> [WHAT TO WORK ON] Quote every entry word for word.

────────────────

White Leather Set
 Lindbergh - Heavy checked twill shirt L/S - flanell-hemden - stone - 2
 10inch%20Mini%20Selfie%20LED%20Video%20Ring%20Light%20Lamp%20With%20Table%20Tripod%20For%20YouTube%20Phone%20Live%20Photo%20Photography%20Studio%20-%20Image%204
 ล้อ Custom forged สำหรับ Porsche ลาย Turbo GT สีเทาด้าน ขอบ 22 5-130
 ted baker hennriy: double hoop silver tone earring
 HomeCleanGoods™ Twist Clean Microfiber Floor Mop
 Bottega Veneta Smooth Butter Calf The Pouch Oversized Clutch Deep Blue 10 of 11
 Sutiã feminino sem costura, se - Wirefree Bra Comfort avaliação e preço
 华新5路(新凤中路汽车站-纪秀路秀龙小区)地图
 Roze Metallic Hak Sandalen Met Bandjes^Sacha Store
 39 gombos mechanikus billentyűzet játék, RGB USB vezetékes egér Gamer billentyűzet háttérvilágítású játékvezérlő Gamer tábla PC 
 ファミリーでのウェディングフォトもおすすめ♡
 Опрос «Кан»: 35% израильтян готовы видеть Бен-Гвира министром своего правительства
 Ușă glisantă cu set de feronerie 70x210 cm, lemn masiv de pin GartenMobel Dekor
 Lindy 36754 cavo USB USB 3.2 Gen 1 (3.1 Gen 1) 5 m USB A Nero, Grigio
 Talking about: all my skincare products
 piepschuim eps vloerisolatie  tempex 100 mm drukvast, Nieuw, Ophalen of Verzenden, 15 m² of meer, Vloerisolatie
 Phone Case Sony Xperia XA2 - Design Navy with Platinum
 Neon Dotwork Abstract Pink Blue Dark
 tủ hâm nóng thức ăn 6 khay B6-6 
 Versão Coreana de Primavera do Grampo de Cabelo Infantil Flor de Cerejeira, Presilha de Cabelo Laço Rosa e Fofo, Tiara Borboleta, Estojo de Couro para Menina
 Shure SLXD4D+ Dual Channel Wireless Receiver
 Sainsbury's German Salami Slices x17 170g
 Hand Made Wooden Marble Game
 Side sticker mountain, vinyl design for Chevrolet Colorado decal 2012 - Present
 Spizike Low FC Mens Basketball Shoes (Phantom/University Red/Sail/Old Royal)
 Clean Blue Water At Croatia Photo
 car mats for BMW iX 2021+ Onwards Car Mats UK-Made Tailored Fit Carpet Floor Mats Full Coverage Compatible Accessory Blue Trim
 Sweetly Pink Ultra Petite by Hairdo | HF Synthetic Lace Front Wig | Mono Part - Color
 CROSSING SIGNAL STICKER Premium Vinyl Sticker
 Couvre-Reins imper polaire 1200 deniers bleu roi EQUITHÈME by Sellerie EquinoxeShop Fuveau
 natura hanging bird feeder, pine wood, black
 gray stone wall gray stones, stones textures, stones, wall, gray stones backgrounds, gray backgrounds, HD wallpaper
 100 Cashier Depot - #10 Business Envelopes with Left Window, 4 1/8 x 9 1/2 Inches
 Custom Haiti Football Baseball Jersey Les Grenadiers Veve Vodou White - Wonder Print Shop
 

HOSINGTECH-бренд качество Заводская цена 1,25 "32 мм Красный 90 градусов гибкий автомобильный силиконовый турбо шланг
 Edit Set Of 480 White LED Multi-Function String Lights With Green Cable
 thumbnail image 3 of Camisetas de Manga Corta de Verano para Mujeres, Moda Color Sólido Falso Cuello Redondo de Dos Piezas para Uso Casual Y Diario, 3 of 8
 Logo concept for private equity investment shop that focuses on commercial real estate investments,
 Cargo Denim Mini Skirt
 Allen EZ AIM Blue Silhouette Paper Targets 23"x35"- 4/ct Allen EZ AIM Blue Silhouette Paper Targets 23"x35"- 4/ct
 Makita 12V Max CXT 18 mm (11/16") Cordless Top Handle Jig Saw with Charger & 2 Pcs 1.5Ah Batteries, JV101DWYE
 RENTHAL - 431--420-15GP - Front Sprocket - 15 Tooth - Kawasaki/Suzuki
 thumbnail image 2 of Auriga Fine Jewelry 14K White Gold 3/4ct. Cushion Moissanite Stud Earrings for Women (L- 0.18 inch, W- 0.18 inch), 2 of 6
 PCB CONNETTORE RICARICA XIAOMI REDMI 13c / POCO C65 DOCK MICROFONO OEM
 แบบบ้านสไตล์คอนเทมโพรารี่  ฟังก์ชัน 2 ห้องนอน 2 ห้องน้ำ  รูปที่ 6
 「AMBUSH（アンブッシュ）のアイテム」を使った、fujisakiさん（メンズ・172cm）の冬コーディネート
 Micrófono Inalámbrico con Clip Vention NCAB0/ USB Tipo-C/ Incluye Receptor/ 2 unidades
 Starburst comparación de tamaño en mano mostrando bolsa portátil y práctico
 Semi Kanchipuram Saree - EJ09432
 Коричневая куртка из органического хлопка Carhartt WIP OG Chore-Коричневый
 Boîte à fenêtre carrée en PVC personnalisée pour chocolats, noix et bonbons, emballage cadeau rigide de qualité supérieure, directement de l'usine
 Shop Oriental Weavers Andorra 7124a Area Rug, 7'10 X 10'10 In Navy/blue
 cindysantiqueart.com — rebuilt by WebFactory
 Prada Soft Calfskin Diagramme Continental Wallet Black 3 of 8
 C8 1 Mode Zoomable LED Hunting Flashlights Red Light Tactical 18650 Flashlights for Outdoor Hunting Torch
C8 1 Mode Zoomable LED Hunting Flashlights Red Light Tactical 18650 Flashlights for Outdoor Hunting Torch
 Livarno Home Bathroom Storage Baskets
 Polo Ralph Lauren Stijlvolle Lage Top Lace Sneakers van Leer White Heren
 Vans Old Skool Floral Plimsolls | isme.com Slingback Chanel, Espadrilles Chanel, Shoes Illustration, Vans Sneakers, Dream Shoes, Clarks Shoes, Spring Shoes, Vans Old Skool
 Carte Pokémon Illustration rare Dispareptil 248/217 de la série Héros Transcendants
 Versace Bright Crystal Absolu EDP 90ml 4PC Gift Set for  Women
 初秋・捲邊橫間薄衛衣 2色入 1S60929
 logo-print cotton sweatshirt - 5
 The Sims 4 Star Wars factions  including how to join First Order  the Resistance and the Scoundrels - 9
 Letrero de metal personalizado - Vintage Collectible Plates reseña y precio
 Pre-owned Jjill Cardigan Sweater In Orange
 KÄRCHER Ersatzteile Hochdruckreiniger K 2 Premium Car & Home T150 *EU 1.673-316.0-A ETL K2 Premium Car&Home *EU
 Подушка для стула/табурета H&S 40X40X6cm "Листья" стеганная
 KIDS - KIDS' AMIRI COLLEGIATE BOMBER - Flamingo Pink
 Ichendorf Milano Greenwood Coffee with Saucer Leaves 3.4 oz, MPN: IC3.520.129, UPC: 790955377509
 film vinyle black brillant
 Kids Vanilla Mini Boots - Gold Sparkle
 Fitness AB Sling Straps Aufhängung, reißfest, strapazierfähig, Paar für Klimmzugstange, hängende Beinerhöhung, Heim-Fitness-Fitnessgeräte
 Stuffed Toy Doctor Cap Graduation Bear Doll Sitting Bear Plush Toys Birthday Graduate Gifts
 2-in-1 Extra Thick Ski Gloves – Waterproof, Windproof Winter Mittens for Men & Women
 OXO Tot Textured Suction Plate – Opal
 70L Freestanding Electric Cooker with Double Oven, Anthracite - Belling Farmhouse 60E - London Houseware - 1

────────────────

> [RESPONSE BELOW]
White Leather Set
 Lindbergh - Heavy checked twill shirt L/S - flanell-hemden - stone - 2
 10inch%20Mini%20Selfie%20LED%20Video%20Ring%20Light%20Lamp%20With%20Table%20Tripod%20For%20YouTube%20Phone%20Live%20Photo%20Photography%20Studio%20-%20Image%204
 ล้อ Custom forged สำหรับ Porsche ลาย Turbo GT สีเทาด้าน ขอบ 22 5-130
 ted baker hennriy: double hoop silver tone earring
 HomeCleanGoods™ Twist Clean Microfiber Floor Mop
 Bottega Veneta Smooth Butter Calf The Pouch Oversized Clutch Deep Blue 10 of 11
 Sutiã feminino sem costura, se - Wirefree Bra Comfort avaliação e preço
 华新5路(新凤中路汽车站-纪秀路秀龙小区)地图
 Roze Metallic Hak Sandalen Met Bandjes^Sacha Store
 39 gombos mechanikus billentyűzet játék, RGB USB vezetékes egér Gamer billentyűzet háttérvilágítású játékvezérlő Gamer tábla PC 
 ファミリーでのウェディングフォトもおすすめ♡
 Опрос «Кан»: 35% израильтян готовы видеть Бен-Гвира министром своего правительства
 Ușă glisantă cu set de feronerie 70x210 cm, lemn masiv de pin GartenMobel Dekor
 Lindy 36754 cavo USB USB 3.2 Gen 1 (3.1 Gen 1) 5 m USB A Nero, Grigio
 Talking about: all my skincare products
 piepschuim eps vloerisolatie  tempex 100 mm drukvast, Nieuw, Ophalen of Verzenden, 15 m² of meer, Vloerisolatie
 Phone Case Sony Xperia XA2 - Design Navy with Platinum
 Neon Dotwork Abstract Pink Blue Dark
 tủ hâm nóng thức ăn 6 khay B6-6 
 Versão Coreana de Primavera do Grampo de Cabelo Infantil Flor de Cerejeira, Presilha de Cabelo Laço Rosa e Fofo, Tiara Borboleta, Estojo de Couro para Menina
 Shure SLXD4D+ Dual Channel Wireless Receiver
 Sainsbury's German Salami Slices x17 170g
 Hand Made Wooden Marble Game
 Side sticker mountain, vinyl design for Chevrolet Colorado decal 2012 - Present
 Spizike Low FC Mens Basketball Shoes (Phantom/University Red/Sail/Old Royal)
 Clean Blue Water At Croatia Photo
 car mats for BMW iX 2021+ Onwards Car Mats UK-Made Tailored Fit Carpet Floor Mats Full Coverage Compatible Accessory Blue Trim
 Sweetly Pink Ultra Petite by Hairdo | HF Synthetic Lace Front Wig | Mono Part - Color
 CROSSING SIGNAL STICKER Premium Vinyl Sticker
 Couvre-Reins imper polaire 1200 deniers bleu roi EQUITHÈME by Sellerie EquinoxeShop Fuveau
 natura hanging bird feeder, pine wood, black
 gray stone wall gray stones, stones textures, stones, wall, gray stones backgrounds, gray backgrounds, HD wallpaper
 100 Cashier Depot - #10 Business Envelopes with Left Window, 4 1/8 x 9 1/2 Inches
 Custom Haiti Football Baseball Jersey Les Grenadiers Veve Vodou White - Wonder Print Shop
 

HOSINGTECH-бренд качество Заводская цена 1,25 "32 мм Красный 90 градусов гибкий автомобильный силиконовый турбо шланг
 Edit Set Of 480 White LED Multi-Function String Lights With Green Cable
 thumbnail image 3 of Camisetas de Manga Corta de Verano para Mujeres, Moda Color Sólido Falso Cuello Redondo de Dos Piezas para Uso Casual Y Diario, 3 of 8
 Logo concept for private equity investment shop that focuses on commercial real estate investments,
 Cargo Denim Mini Skirt
 Allen EZ AIM Blue Silhouette Paper Targets 23"x35"- 4/ct Allen EZ AIM Blue Silhouette Paper Targets 23"x35"- 4/ct
 Makita 12V Max CXT 18 mm (11/16") Cordless Top Handle Jig Saw with Charger & 2 Pcs 1.5Ah Batteries, JV101DWYE
 RENTHAL - 431--420-15GP - Front Sprocket - 15 Tooth - Kawasaki/Suzuki
 thumbnail image 2 of Auriga Fine Jewelry 14K White Gold 3/4ct. Cushion Moissanite Stud Earrings for Women (L- 0.18 inch, W- 0.18 inch), 2 of 6
 PCB CONNETTORE RICARICA XIAOMI REDMI 13c / POCO C65 DOCK MICROFONO OEM
 แบบบ้านสไตล์คอนเทมโพรารี่  ฟังก์ชัน 2 ห้องนอน 2 ห้องน้ำ  รูปที่ 6
 「AMBUSH（アンブッシュ）のアイテム」を使った、fujisakiさん（メンズ・172cm）の冬コーディネート
 Micrófono Inalámbrico con Clip Vention NCAB0/ USB Tipo-C/ Incluye Receptor/ 2 unidades
 Starburst comparación de tamaño en mano mostrando bolsa portátil y práctico
 Semi Kanchipuram Saree - EJ09432
 Коричневая куртка из органического хлопка Carhartt WIP OG Chore-Коричневый
 Boîte à fenêtre carrée en PVC personnalisée pour chocolats, noix et bonbons, emballage cadeau rigide de qualité supérieure, directement de l'usine
 Shop Oriental Weavers Andorra 7124a Area Rug, 7'10 X 10'10 In Navy/blue
 cindysantiqueart.com — rebuilt by WebFactory
 Prada Soft Calfskin Diagramme Continental Wallet Black 3 of 8
 C8 1 Mode Zoomable LED Hunting Flashlights Red Light Tactical 18650 Flashlights for Outdoor Hunting Torch
C8 1 Mode Zoomable LED Hunting Flashlights Red Light Tactical 18650 Flashlights for Outdoor Hunting Torch
 Livarno Home Bathroom Storage Baskets
 Polo Ralph Lauren Stijlvolle Lage Top Lace Sneakers van Leer White Heren
 Vans Old Skool Floral Plimsolls | isme.com Slingback Chanel, Espadrilles Chanel, Shoes Illustration, Vans Sneakers, Dream Shoes, Clarks Shoes, Spring Shoes, Vans Old Skool
 Carte Pokémon Illustration rare Dispareptil 248/217 de la série Héros Transcendants
 Versace Bright Crystal Absolu EDP 90ml 4PC Gift Set for  Women
 初秋・捲邊橫間薄衛衣 2色入 1S60929
 logo-print cotton sweatshirt - 5
 The Sims 4 Star Wars factions  including how to join First Order  the Resistance and the Scoundrels - 9
 Letrero de metal personalizado - Vintage Collectible Plates reseña y precio
 Pre-owned Jjill Cardigan Sweater In Orange
 KÄRCHER Ersatzteile Hochdruckreiniger K 2 Premium Car & Home T150 *EU 1.673-316.0-A ETL K2 Premium Car&Home *EU
 Подушка для стула/табурета H&S 40X40X6cm "Листья" стеганная
 KIDS - KIDS' AMIRI COLLEGIATE BOMBER - Flamingo Pink
 Ichendorf Milano Greenwood Coffee with Saucer Leaves 3.4 oz, MPN: IC3.520.129, UPC: 790955377509
 film vinyle black brillant
 Kids Vanilla Mini Boots - Gold Sparkle
 Fitness AB Sling Straps Aufhängung, reißfest, strapazierfähig, Paar für Klimmzugstange, hängende Beinerhöhung, Heim-Fitness-Fitnessgeräte
 Stuffed Toy Doctor Cap Graduation Bear Doll Sitting Bear Plush Toys Birthday Graduate Gifts
 2-in-1 Extra Thick Ski Gloves – Waterproof, Windproof Winter Mittens for Men & Women
 OXO Tot Textured Suction Plate – Opal
 70L Freestanding Electric Cooker with Double Oven, Anthracite - Belling Farmhouse 60E - London Houseware - 1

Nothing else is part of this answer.